PVD Micro-DH – PodRacerOne

This is a pretty special bike. A juvenile DH race bike for my friend Bryan Harrell’s son Jake. Jake has been racing ABA BMX (ranked 4th district CA04) for the past two seasons and is absolutely killing it. As mountain bikers and living in the best place you can for riding trail, it is only natural that Jake get a trailbike and something suitable for racing DH and DS at the 2012 Sea Otter Classic. There really isn’t a quality offering on the market for this kind of bike, so it had to be made. Awesome.


The namesake for this bike is fitting. Anakin Skywaker’s Radon-Ulzer Repulsocraft podracer as modified by Anikin. If a kid is gonna have something fast for the races, this is it. Get in, shut up, and hold on. Only for riding fast and taking chances.

The Print.


The tubes on this frame were chosen to keep the frame feeling good. While this bike may look excessively lightweight for an adult, it’s actually going to be pretty stiff with a sub 100 lb rider on board even in the gnar.


I’ve been recovering from a pretty major hand injury and may welding here is really not the nicest example of my work. The gold paint really makes the irregularities stand out.


Silver and gold aesthetic. Simple. Owning. Gold isn’t ever my first choice but it’s what Jake wanted.

DuPont EFD400M9, Sun Gold. Powder.




Fox F100 lowered to 80mm. I would have loved to keep this fork at 100mm but keeping the bike fitting Jake would have been quite difficult. He’s so small that I have to balance the capabilities of the bike with his ability to fit and move over it. A 9mm quick release configured fork is fine for this application given that the rider weighs less than 100 lbs and won’t be doing massive leaps for quite a few years. Also, the oil in the fork was changed out to RedLine ‘Like Water’ (ISO 5.5), one of the lightest oils on the market. This will help the fork damp well given the light load and the low air pressures that will be used.

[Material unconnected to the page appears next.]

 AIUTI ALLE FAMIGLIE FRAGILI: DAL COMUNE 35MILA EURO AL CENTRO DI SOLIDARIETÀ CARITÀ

Shimano Sora road cranks (175mm), cut down to 153.5 mm. This was the first time I’ve cut cranks down, I’ve always wanted to but I just never had cause. Two reasons for choosing these cranks, the ability to be cut down and the width. A small rider doesn’t just have small legs, they have a narrow distance between hip sockets. To be able to pedal naturally the arms of the crank needed to be brought in as close to the frame as possible. The chainline of the cranks, 46mm actually land right in the center of the cassette, so that’s nice for single ring magic. Just for fun, I blueprinted the crank face at the pedal to be orthoginal to the crank spindle. It’s amazing how off these can be. It’s good to have a 24mm collet.

It’s funny that any mountain cranks would have been far too wide to use in this application. Mountain cranks are made wide since they need to be able to clear the chainstays on a variety of bikes. By going with the road crankset, I was able to have a width impossible to get from another type of crank.


Juvinile saddles pretty much suck. It would be nice to find a killer 120-140mm saddle. For now, a 260mm Devo Saddle is on the bike.


The Panaracer Fire FR 24×2.4″ tires are seriously overkill for the use of this bike. 930g. Finding a quality 24″ mountain bike tire proved to be truly difficult. Most 24″ tires on the market are for pavement/path use or they are for RB Rampage use. Not much in between. In the end, these tires are well designed, a bit too big, and way too heavy. We would have loved to find a good 2.25″ tire that was in the 700 gram range, but that was a dream.


These wheels were chosen for economy and strength. Sure, much much lighter wheels could have been acquired, but at a price. Halo Combat Wheels are pretty heavy though. 1270g F & 1475g R.


Having nothing to base our decisions on, we went with a 36 tooth chainring with a 11-32 cassette. This is only a start point and will be tested and refined.


27.3 lbs. A tad on the heavy side due to the massive wheels and tires, but acceptable as a bomber.